Embora a unidade global da classe operária ainda fique como a única resposta apropriada às estratégias globalizantes de acumulação de capital, a maneira de conceituar esta resposta merece um estudo crítico. No núcleo do argumento do Manifesto está a crença que a indústria moderna e o trabalho assalariado têm tirado dos trabalhadores “todo traço de caráter nacional”, com o resultado de que “os trabalhadores não têm pátria”.
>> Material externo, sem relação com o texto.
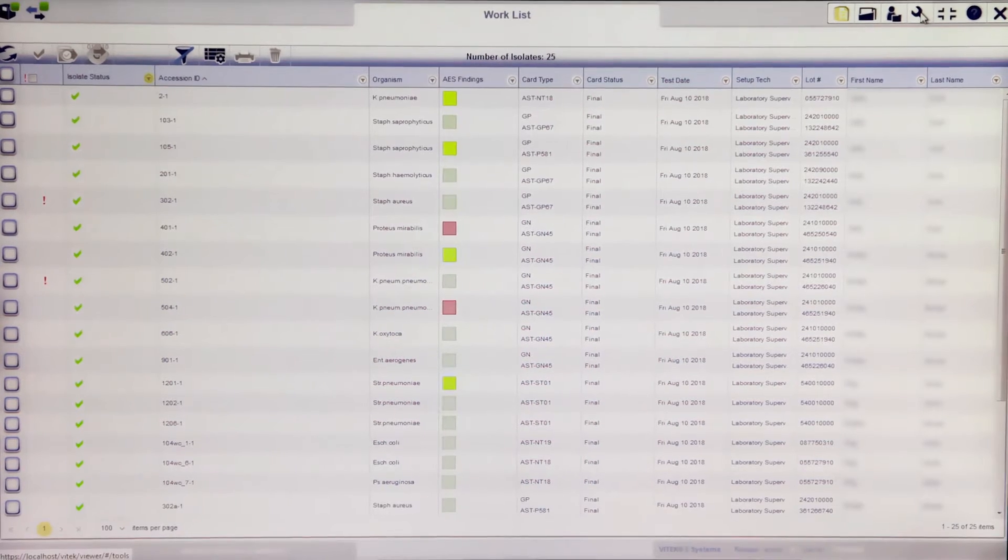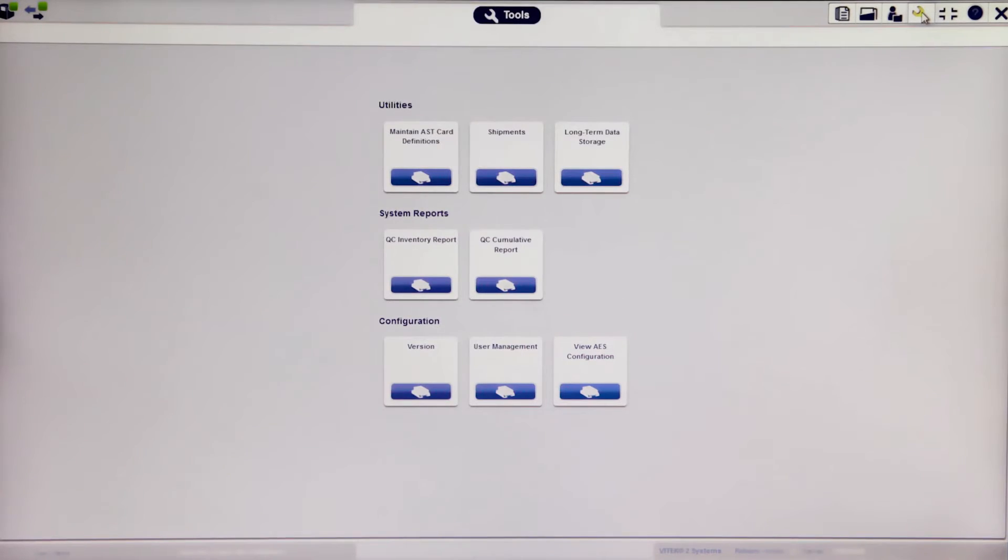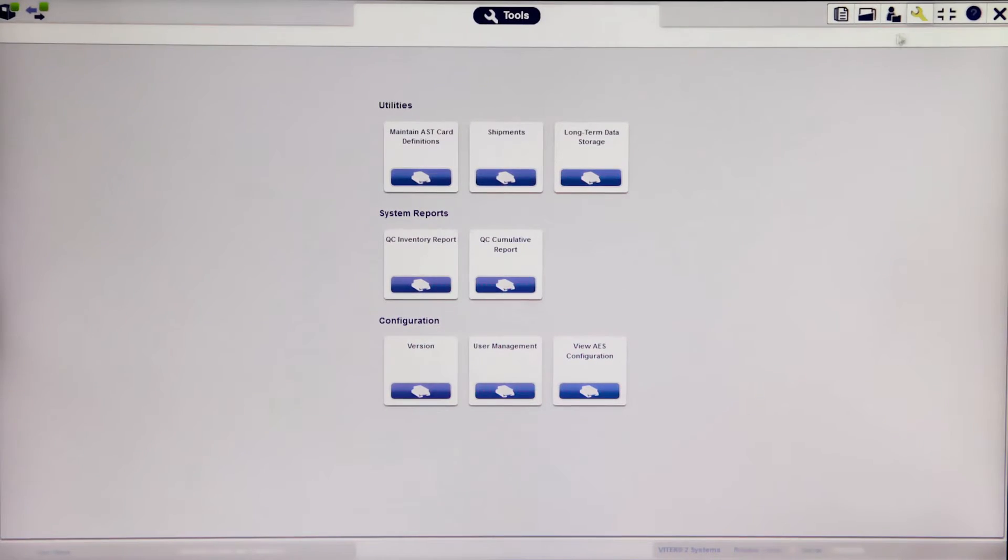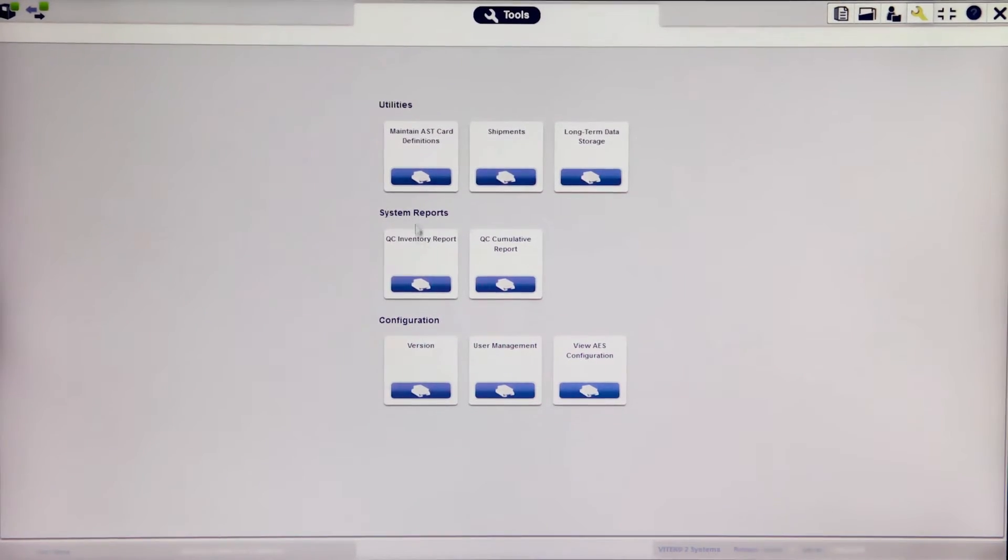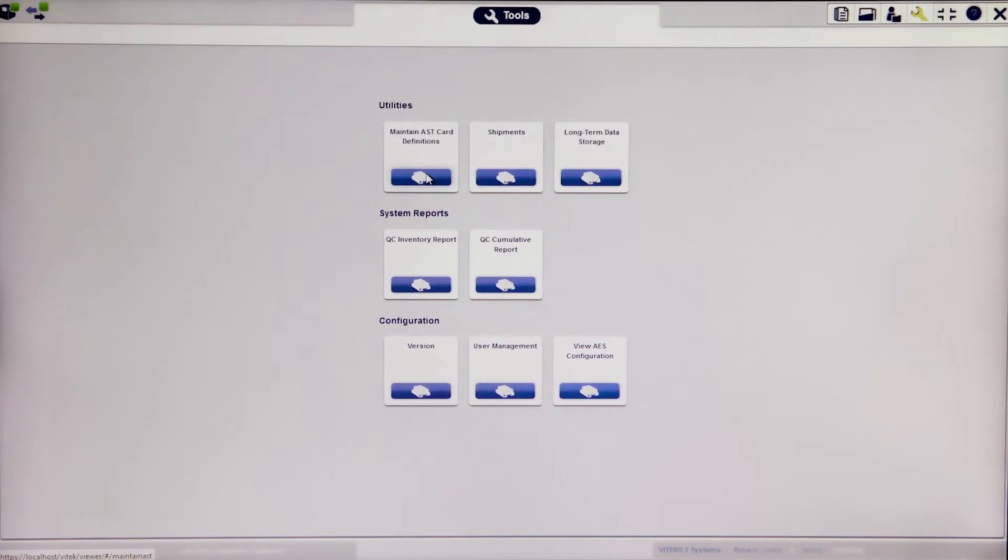Navigate to the Tools menu. Click on the Maintain AST card definitions button.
“Os isolamentos e os antagonismos nacionais entre os povos desaparecem cada vez mais com o desenvolvimento da burguesia, com a liberdade de comércio, com o mercado mundial, com a uniformidade da produção industrial e com as condições de existência a ela correspondentes. A supremacia do proletariado fará com que desapareçam ainda mais depressa. A ação comum do proletariado, pelo menos nos países civilizados, é uma das primeiras condições para sua emancipação. À medida que for suprimida a exploração do homem pelo homem será suprimida a exploração de uma nação por outra.”
A visão condutora é bastante nobre, mas existe muito de pensamento desejo aqui. No melhor dos casos, o Manifesto concede que a estratégia socialista vai “ser diferente em países diferentes” e que problemas podem surgir na tradução de ideais políticos de um contexto a outro — os alemães adaptaram ideias socialistas francesas às suas próprias circunstâncias, criando um tipo de socialismo alemão que Marx criticou de forma contundente.
Existe uma sensibilidade limitada com respeito às condições materiais desiguais e às circunstâncias locais. Mas a tarefa dos comunistas é conferir unidade a estas lutas, definir os pontos comuns dentro das diferenças e criar um movimento onde os trabalhadores do mundo possam se unir.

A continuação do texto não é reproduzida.